> **Information supplied**
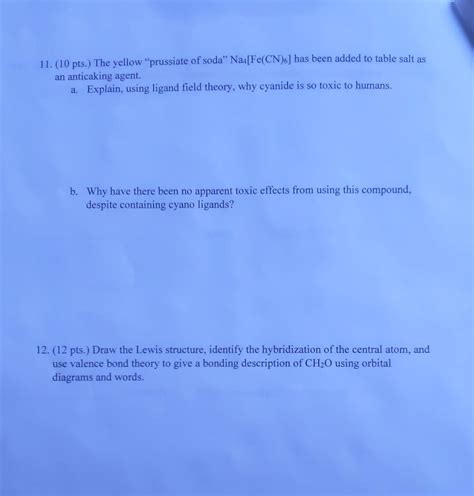 Solved 11. (10 pts.) The yellow "prussiate of soda” | Chegg.com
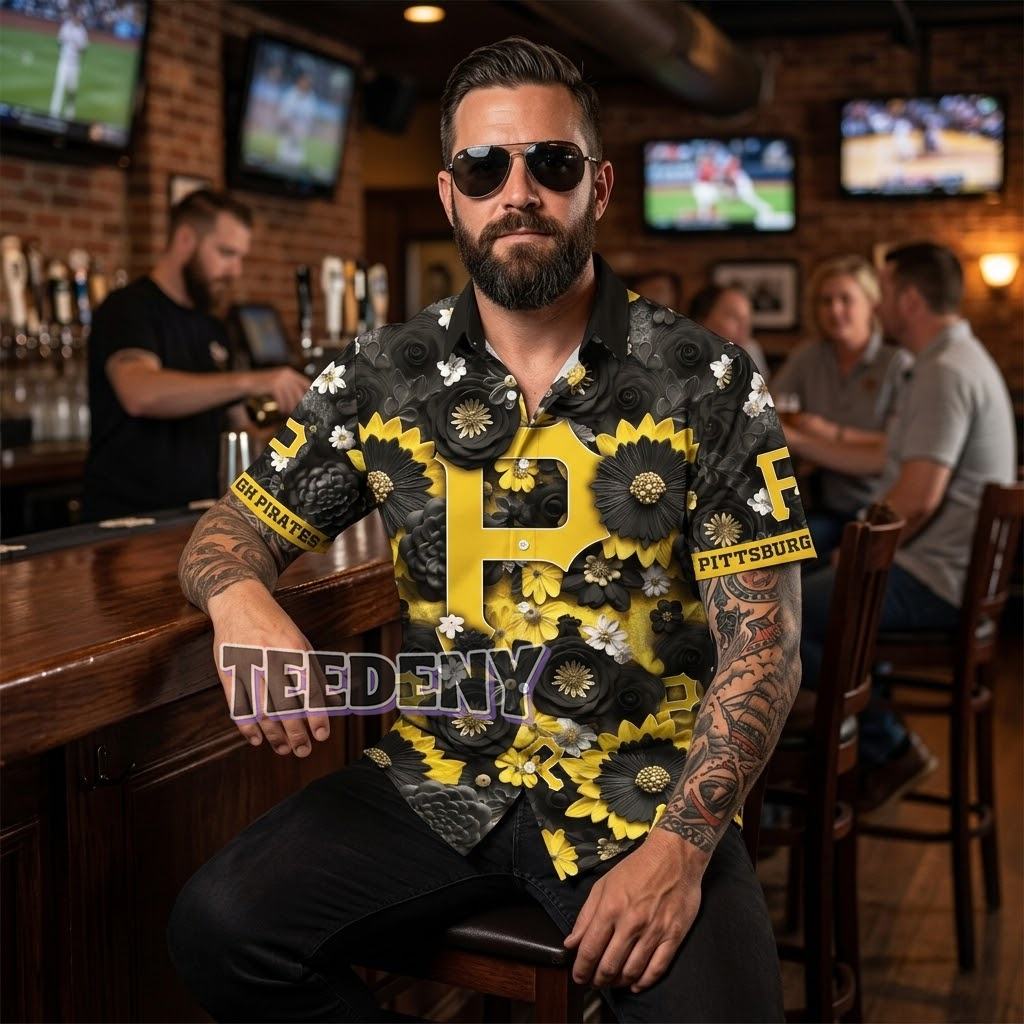 Pittsburgh Pirates Black Sunflower Hawaiian Shirt Front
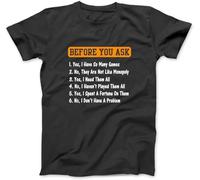 Before You Ask Yes, I Have So Many Games Funny Board Game Shirt 100% Cotton Letter Graphic Print T Shirts for Men Women Black (XL,Black)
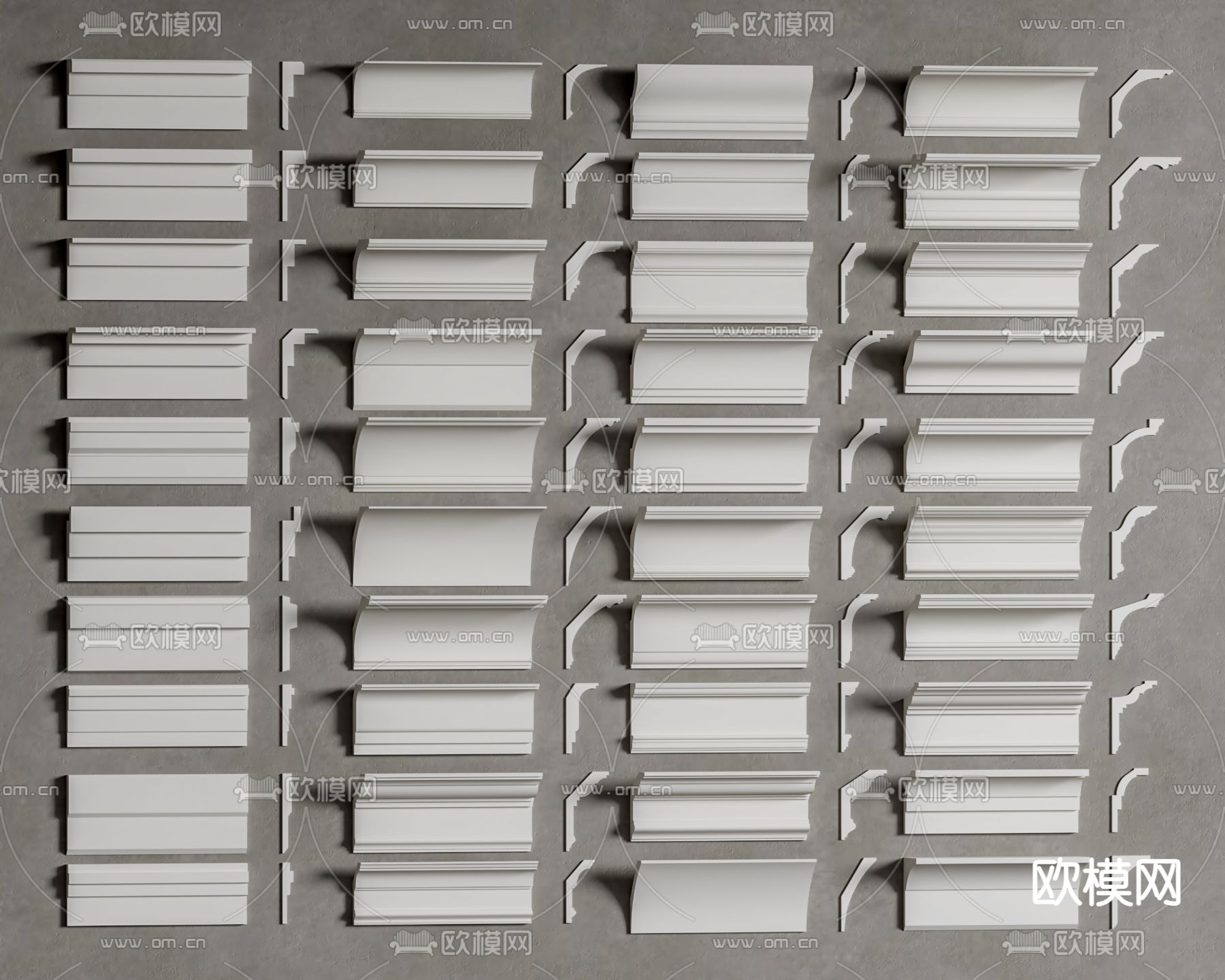 简欧线条 石膏线 角线3d模型下载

> **About this exercise**
Please restate the material word for word; the pictures stay out.

> **Answer box**
 Solved 11. (10 pts.) The yellow "prussiate of soda” | Chegg.com
 Pittsburgh Pirates Black Sunflower Hawaiian Shirt Front
 Before You Ask Yes, I Have So Many Games Funny Board Game Shirt 100% Cotton Letter Graphic Print T Shirts for Men Women Black (XL,Black)
 简欧线条 石膏线 角线3d模型下载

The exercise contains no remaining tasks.